Task description
Copy out the data below from the line containing "BYD QIN PLUS" to the line containing "2014 Volvo V40", both lines included, with all images left out.

Information shown
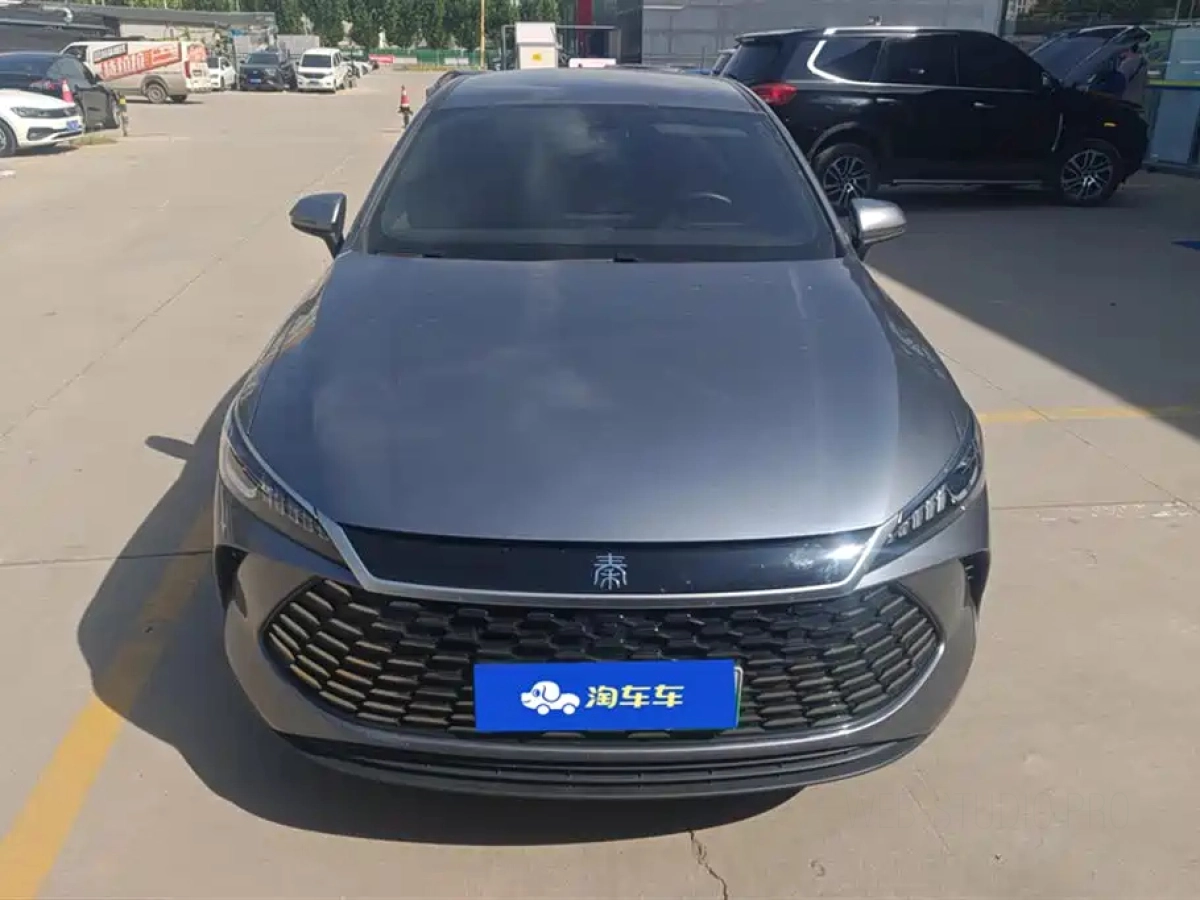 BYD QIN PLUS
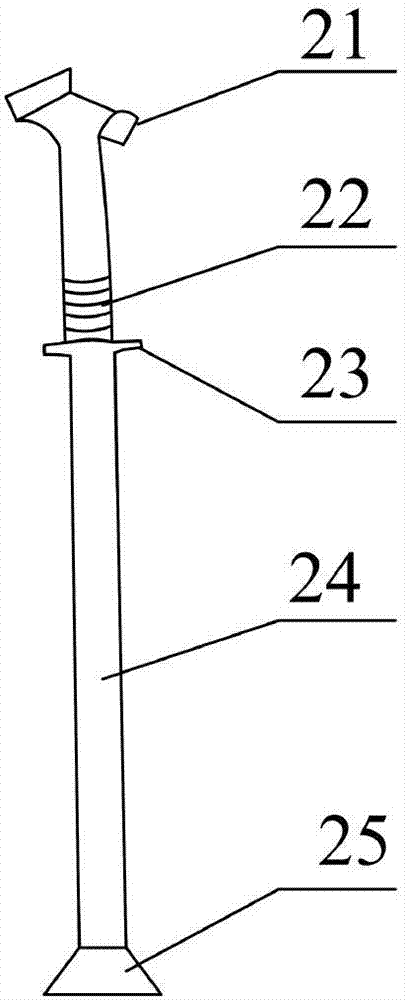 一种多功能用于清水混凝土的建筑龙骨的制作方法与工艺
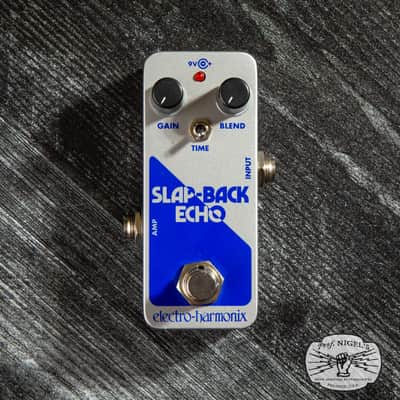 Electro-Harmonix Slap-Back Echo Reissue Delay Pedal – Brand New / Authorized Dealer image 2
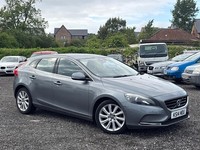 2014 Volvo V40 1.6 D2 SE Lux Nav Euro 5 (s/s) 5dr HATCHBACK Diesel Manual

---

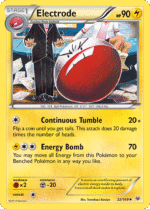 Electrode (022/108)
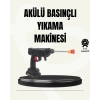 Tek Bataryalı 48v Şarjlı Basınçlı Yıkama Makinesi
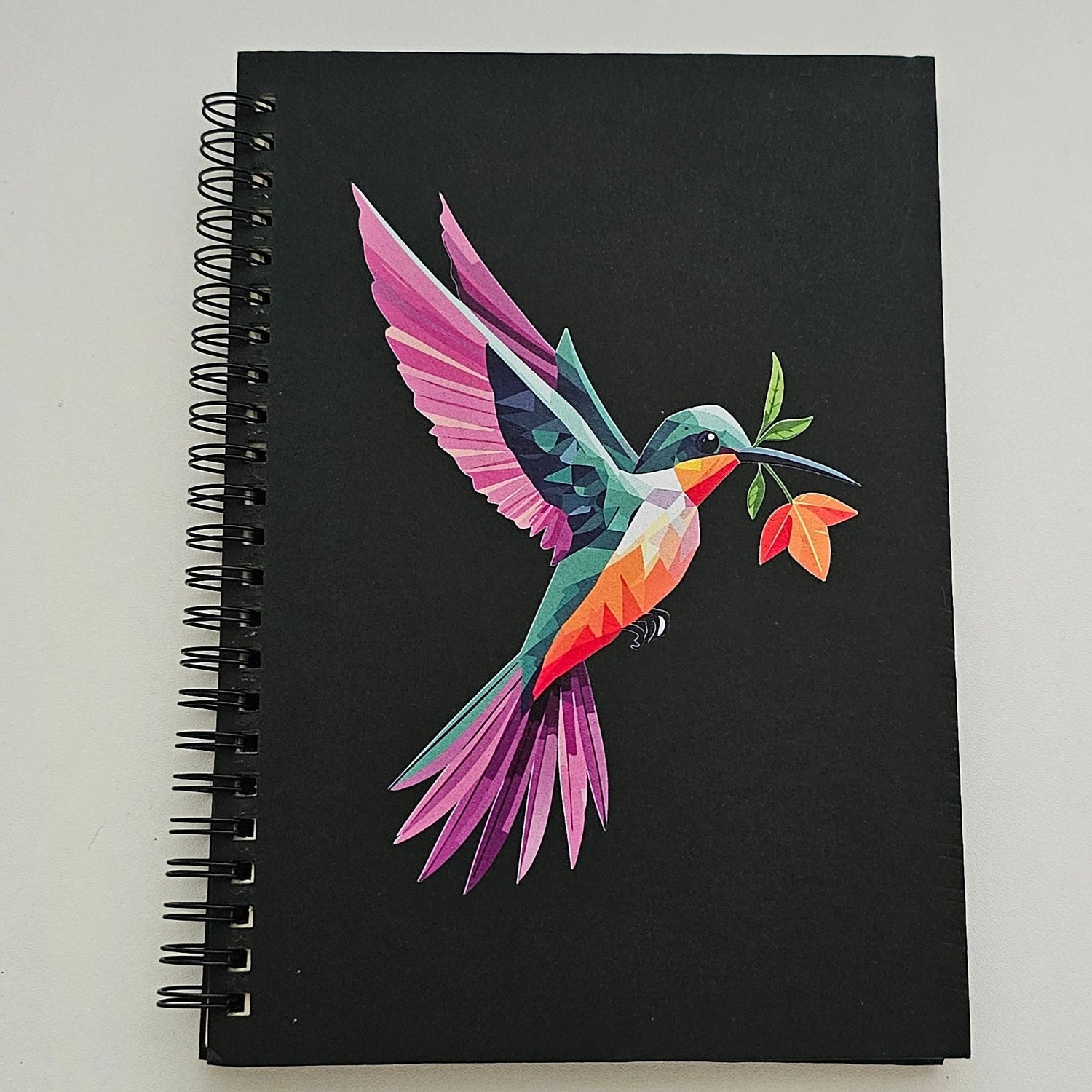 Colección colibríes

Your response
 BYD QIN PLUS
 一种多功能用于清水混凝土的建筑龙骨的制作方法与工艺
 Electro-Harmonix Slap-Back Echo Reissue Delay Pedal – Brand New / Authorized Dealer image 2
 2014 Volvo V40 1.6 D2 SE Lux Nav Euro 5 (s/s) 5dr HATCHBACK Diesel Manual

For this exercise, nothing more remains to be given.